L’altro fratello entrerà nella vigna quando smetterà di ritenersi giusto, quando rinuncerà all’orgoglio di quelle che ritiene le sue opere buone, quando riconoscerà la propria ipocrisia e ne proverà disgusto, quando abbandonerà le sicurezze che gli derivano dal fatto di aver sempre detto di sì a parole e gioirà nel sentirsi salvato dall’amore gratuito del Padre.
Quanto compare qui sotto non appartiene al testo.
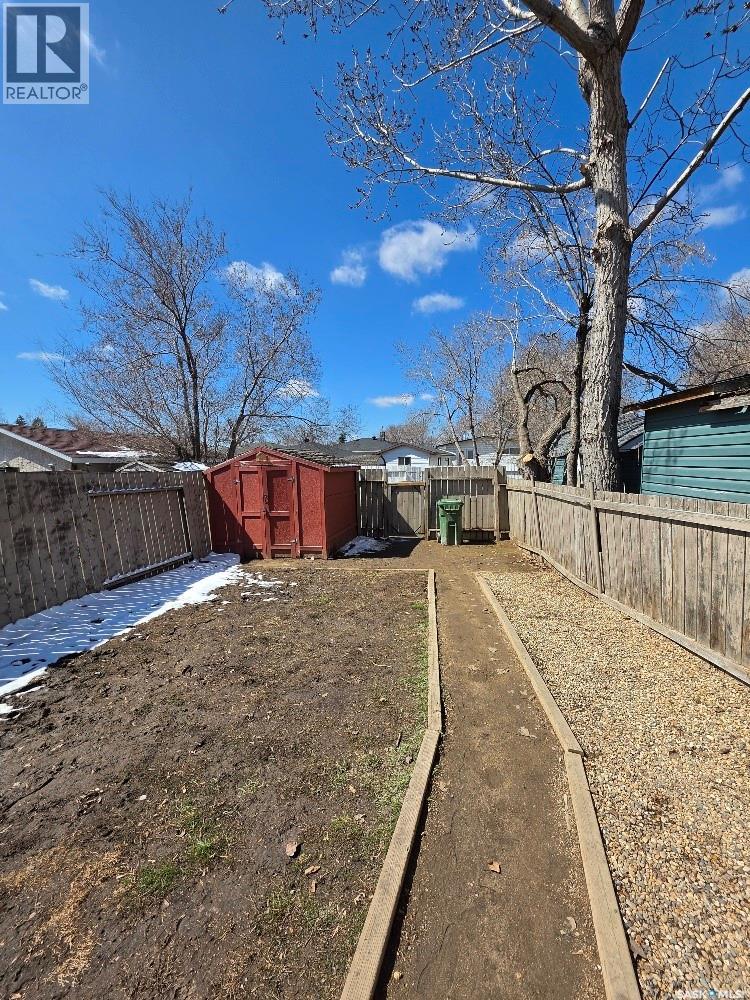 84 Rothwell Crescent, Regina, Saskatchewan  S4N 1R6 - Photo 21 - SK031747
Padre Fernando Armellini (biblista)

domenica 18 settembre 2011

IL REGNO DI DIO

Nutriamoci della Parola di Dio 18 settembre 2011

Vangelo (Mt 20,1-16a)


1 “Il regno dei cieli è simile a un padrone di casa che uscì all’alba per prendere a giornata lavoratori per la sua vigna. 2 Accordatosi con loro per un denaro al giorno, li mandò nella sua vigna. 3 Uscito poi verso le nove del mattino, ne vide altri che stavano sulla piazza disoccupati 4 e disse loro: Andate anche voi nella mia vigna; quello che è giusto ve lo darò. Ed essi andarono. 5 Uscì di nuovo verso mezzogiorno e verso le tre e fece altrettanto. 6 Uscito ancora verso le cinque, ne vide altri che se ne stavano là e disse loro: Perché ve ne state qui tutto il giorno oziosi? 7 Gli risposero: Perché nessuno ci ha presi a giornata. Ed egli disse loro: Andate anche voi nella mia vigna.
8 Quando fu sera, il padrone della vigna disse al suo fattore: Chiama gli operai e dá loro la paga, incominciando dagli ultimi fino ai primi. 9 Venuti quelli delle cinque del pomeriggio, ricevettero ciascuno un denaro. 10 Quando arrivarono i primi, pensavano che avrebbero ricevuto di più. Ma anch’essi ricevettero un denaro per ciascuno. 11 Nel ritirarlo però, mormoravano contro il padrone dicendo: 12 Questi ultimi hanno lavorato un’ora soltanto e li hai trattati come noi, che abbiamo sopportato il peso della giornata e il caldo. 13 Ma il padrone, rispondendo a uno di loro, disse: Amico, io non ti faccio torto. Non hai forse convenuto con me per un denaro? 14 Prendi il tuo e vattene; ma io voglio dare anche a quest’ultimo quanto a te. 15 Non posso fare delle mie cose quello che voglio? Oppure tu sei invidioso perché io sono buono? 16 Così gli ultimi saranno primi, e i primi ultimi”.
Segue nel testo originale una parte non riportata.